TASK DESCRIPTION:
What is needed is an exact reproduction of the listing, without its pictures.
MATERIAL FOR THE TASK START
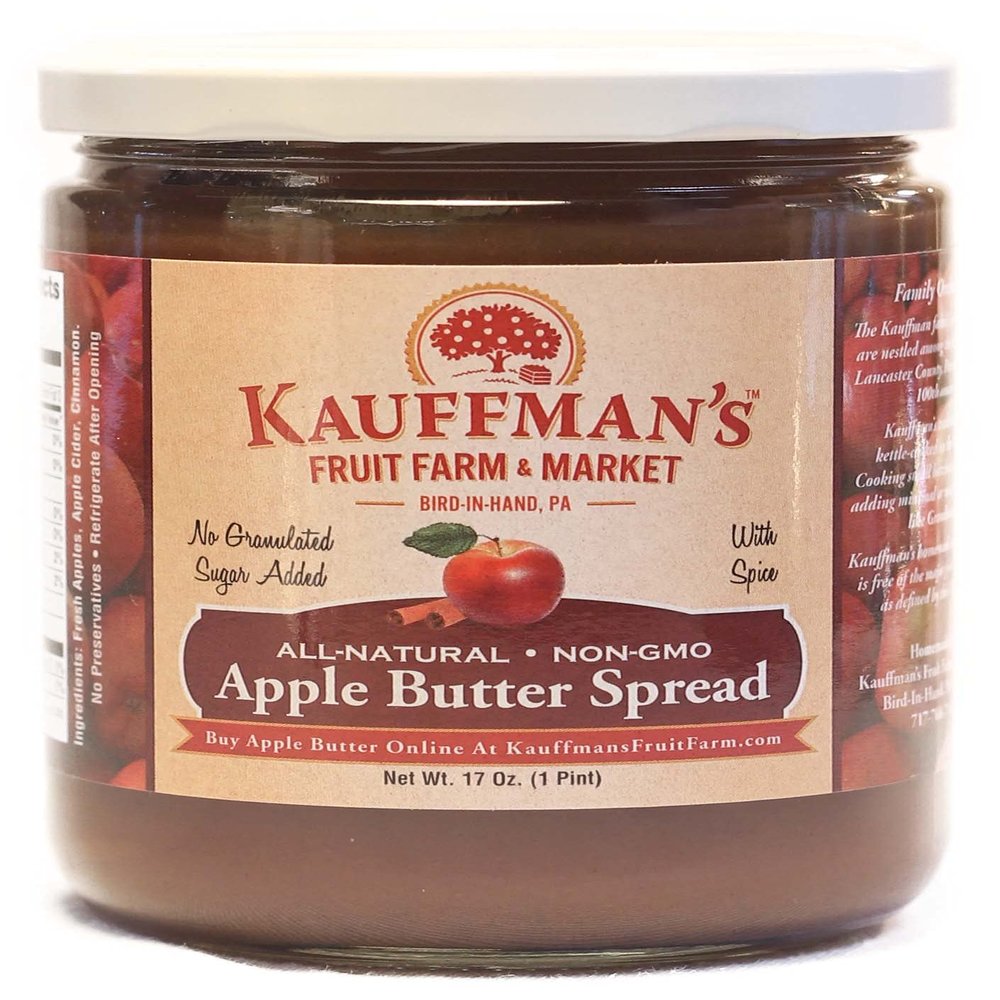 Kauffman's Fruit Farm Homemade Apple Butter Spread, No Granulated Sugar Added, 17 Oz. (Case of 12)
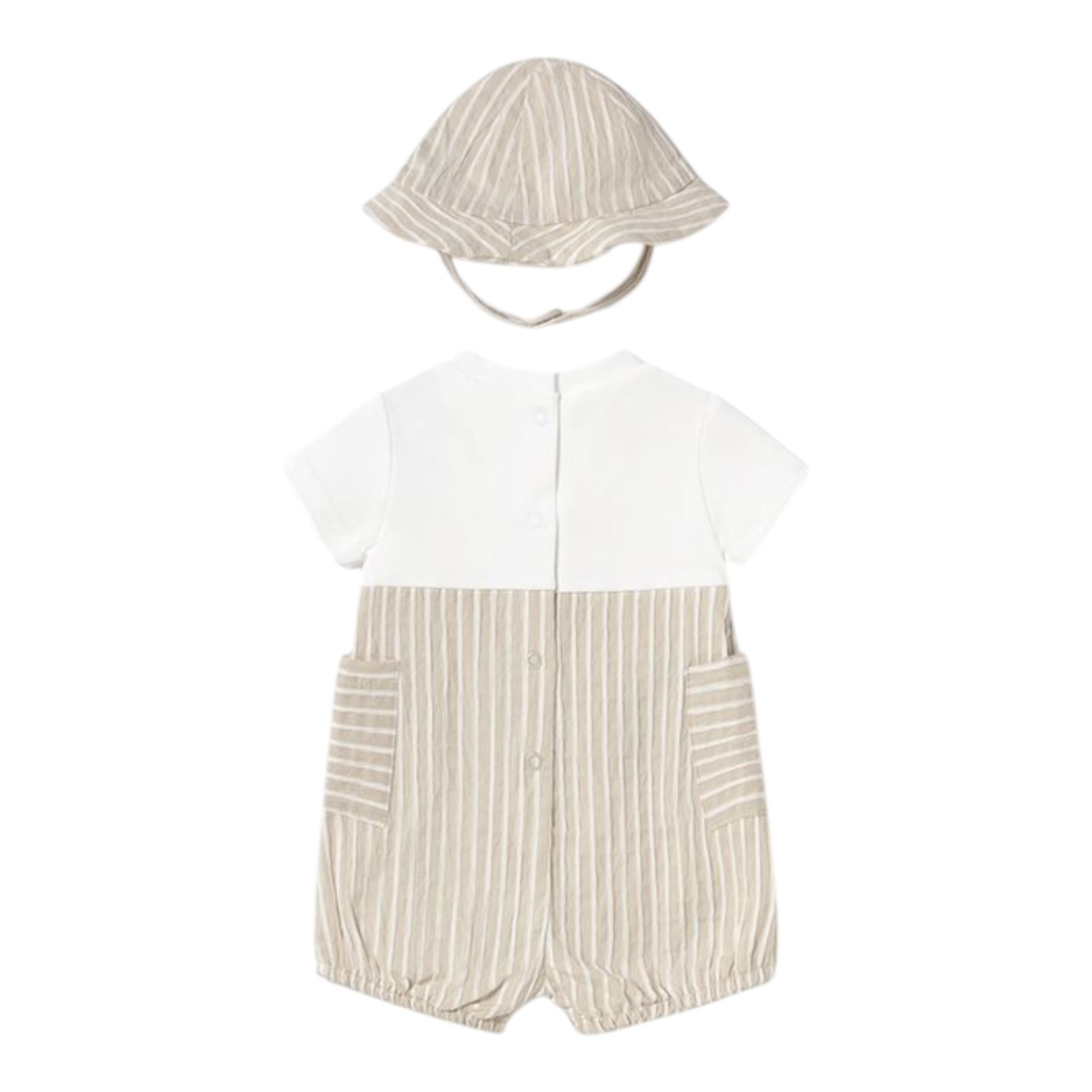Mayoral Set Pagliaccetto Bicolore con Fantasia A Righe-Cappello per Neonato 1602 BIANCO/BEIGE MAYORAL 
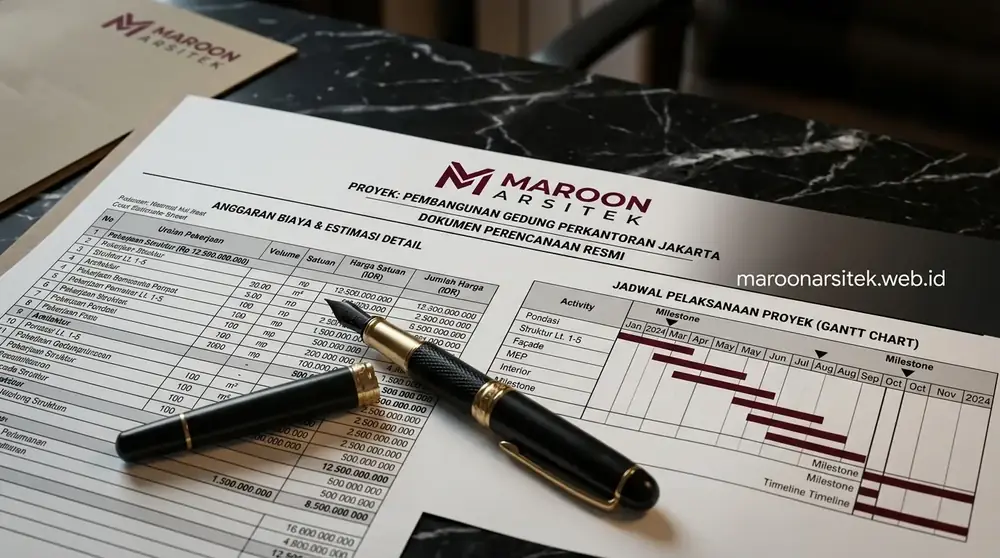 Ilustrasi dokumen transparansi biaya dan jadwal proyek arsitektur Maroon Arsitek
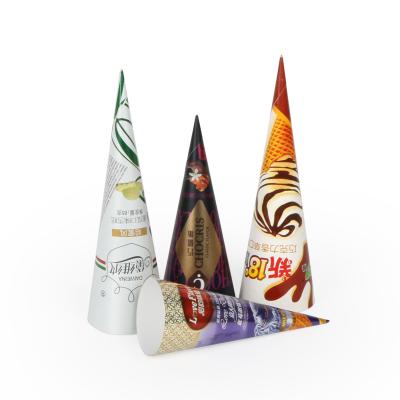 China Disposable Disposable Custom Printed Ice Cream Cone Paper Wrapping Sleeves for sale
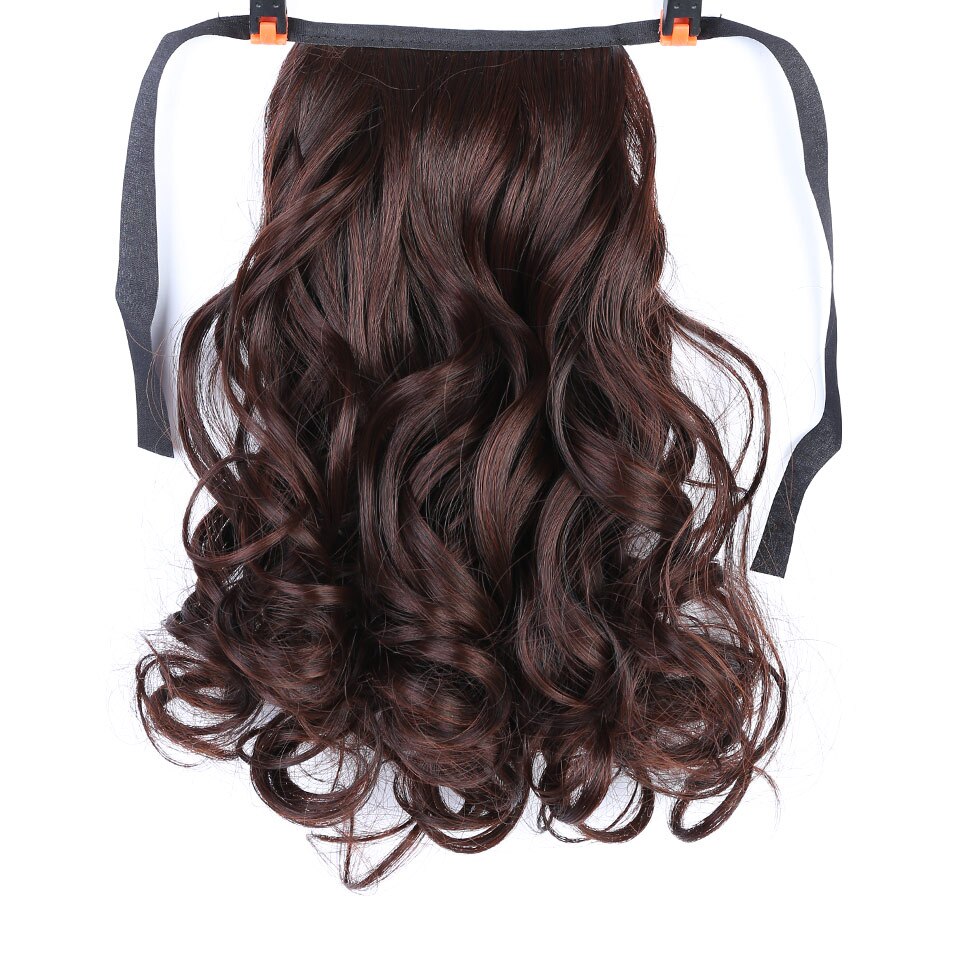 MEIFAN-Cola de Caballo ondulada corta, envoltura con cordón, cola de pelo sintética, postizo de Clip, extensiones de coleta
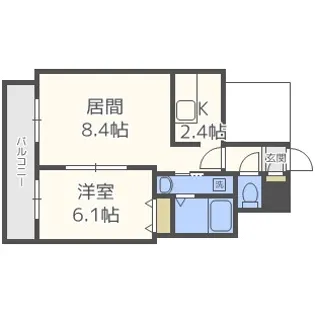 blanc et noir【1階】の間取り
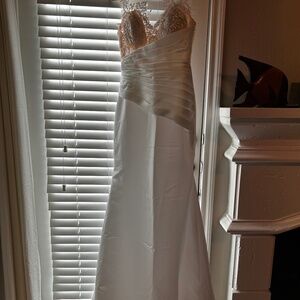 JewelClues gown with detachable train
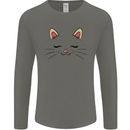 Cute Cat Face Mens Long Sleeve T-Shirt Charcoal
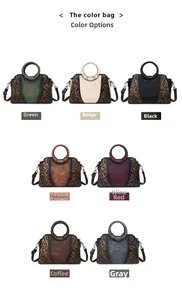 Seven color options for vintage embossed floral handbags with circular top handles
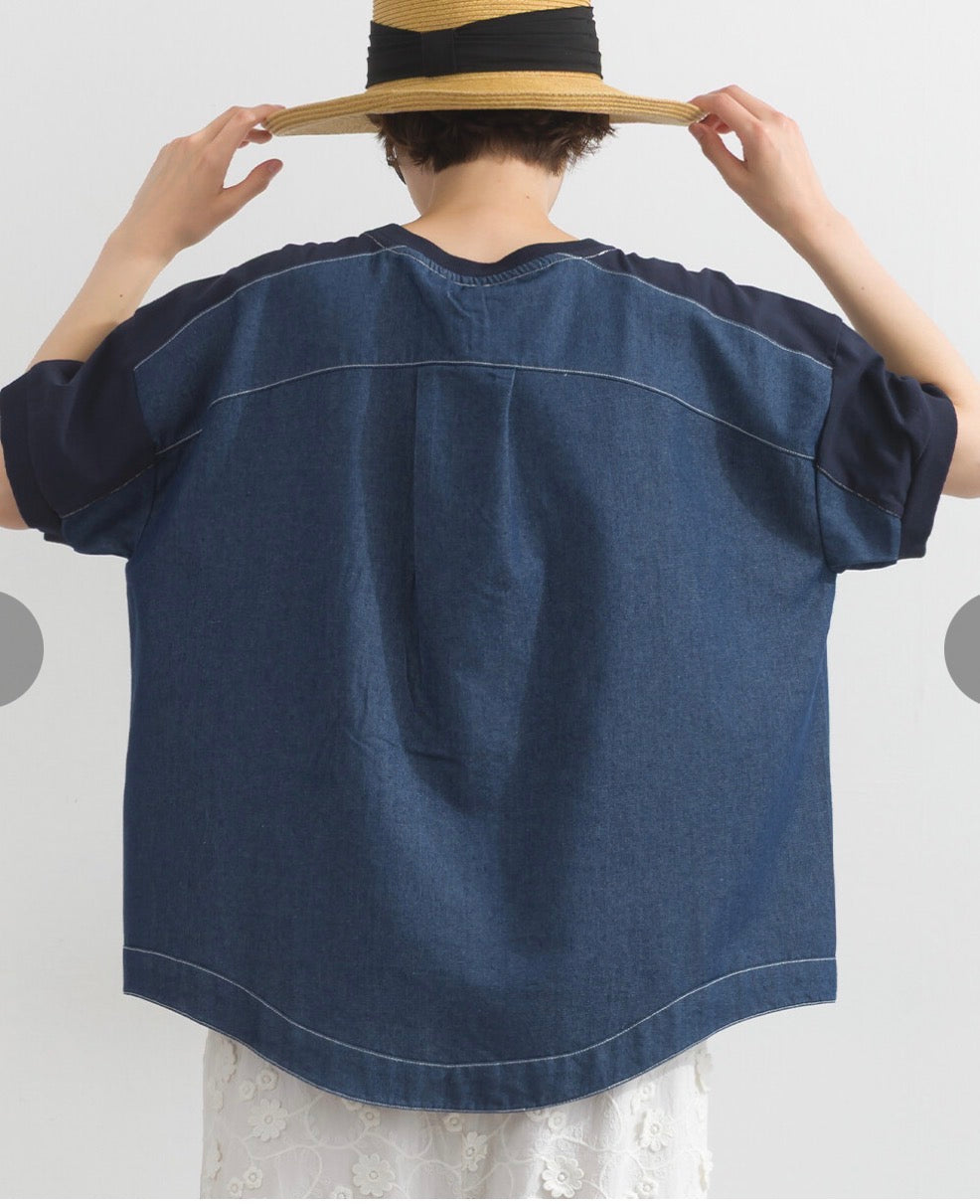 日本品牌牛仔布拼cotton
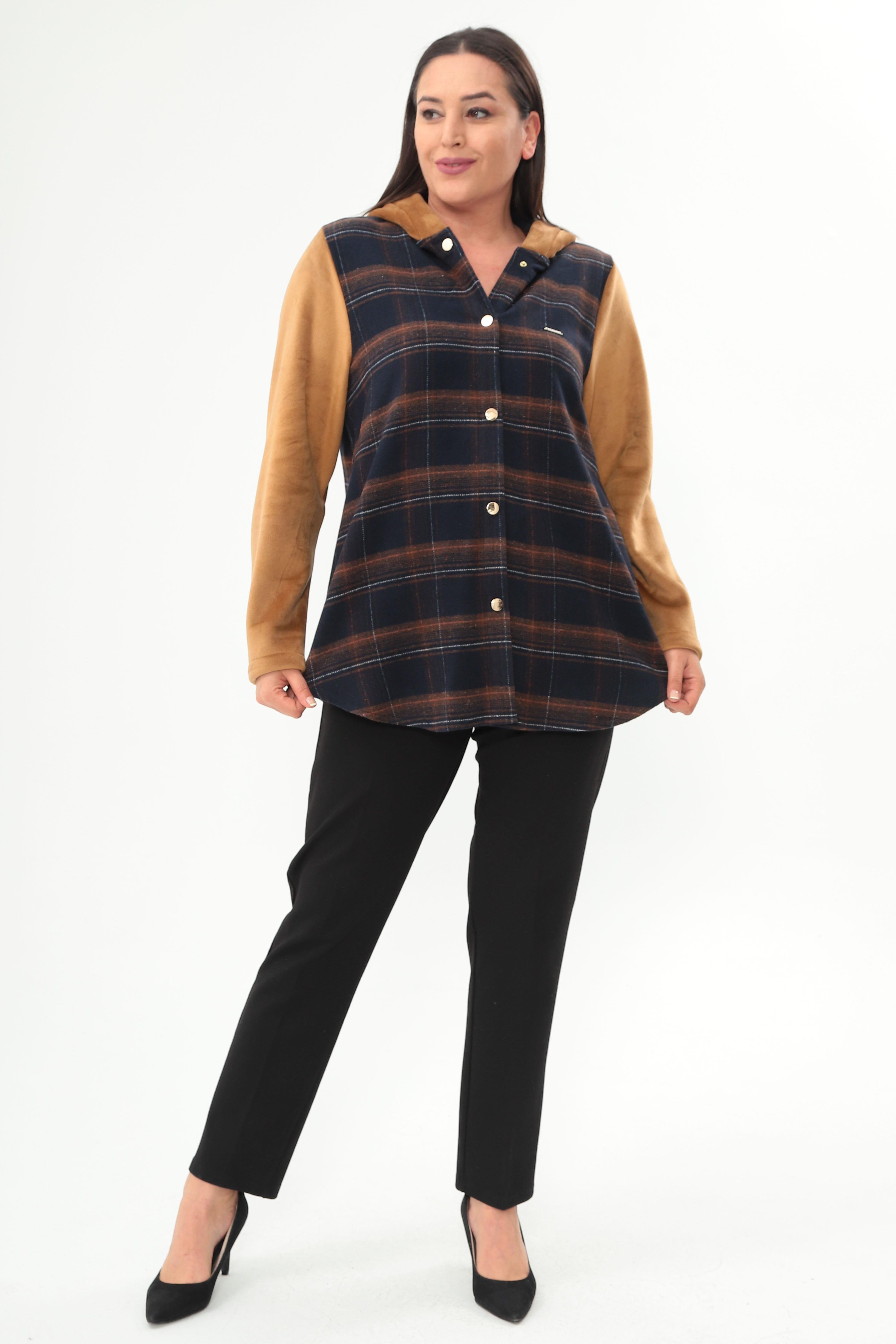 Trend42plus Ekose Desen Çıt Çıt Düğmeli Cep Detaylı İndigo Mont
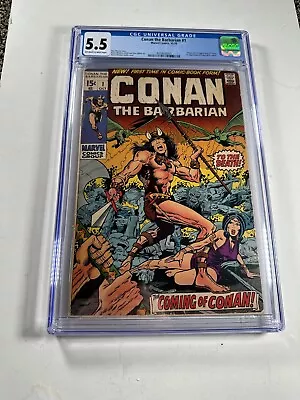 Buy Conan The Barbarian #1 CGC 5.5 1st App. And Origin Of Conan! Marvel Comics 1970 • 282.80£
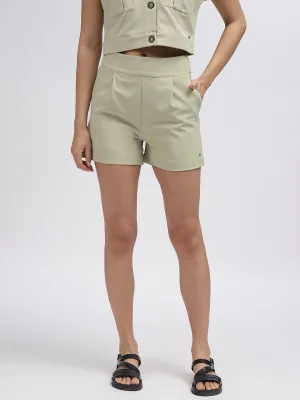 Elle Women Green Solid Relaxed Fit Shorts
MATERIAL FOR THE TASK END
ANSWER BOX:
 Kauffman's Fruit Farm Homemade Apple Butter Spread, No Granulated Sugar Added, 17 Oz. (Case of 12)
Mayoral Set Pagliaccetto Bicolore con Fantasia A Righe-Cappello per Neonato 1602 BIANCO/BEIGE MAYORAL 
 Ilustrasi dokumen transparansi biaya dan jadwal proyek arsitektur Maroon Arsitek
 China Disposable Disposable Custom Printed Ice Cream Cone Paper Wrapping Sleeves for sale
 MEIFAN-Cola de Caballo ondulada corta, envoltura con cordón, cola de pelo sintética, postizo de Clip, extensiones de coleta
 blanc et noir【1階】の間取り
 JewelClues gown with detachable train
 Cute Cat Face Mens Long Sleeve T-Shirt Charcoal
 Seven color options for vintage embossed floral handbags with circular top handles
 日本品牌牛仔布拼cotton
 Trend42plus Ekose Desen Çıt Çıt Düğmeli Cep Detaylı İndigo Mont
 Buy Conan The Barbarian #1 CGC 5.5 1st App. And Origin Of Conan! Marvel Comics 1970 • 282.80£
 Elle Women Green Solid Relaxed Fit Shorts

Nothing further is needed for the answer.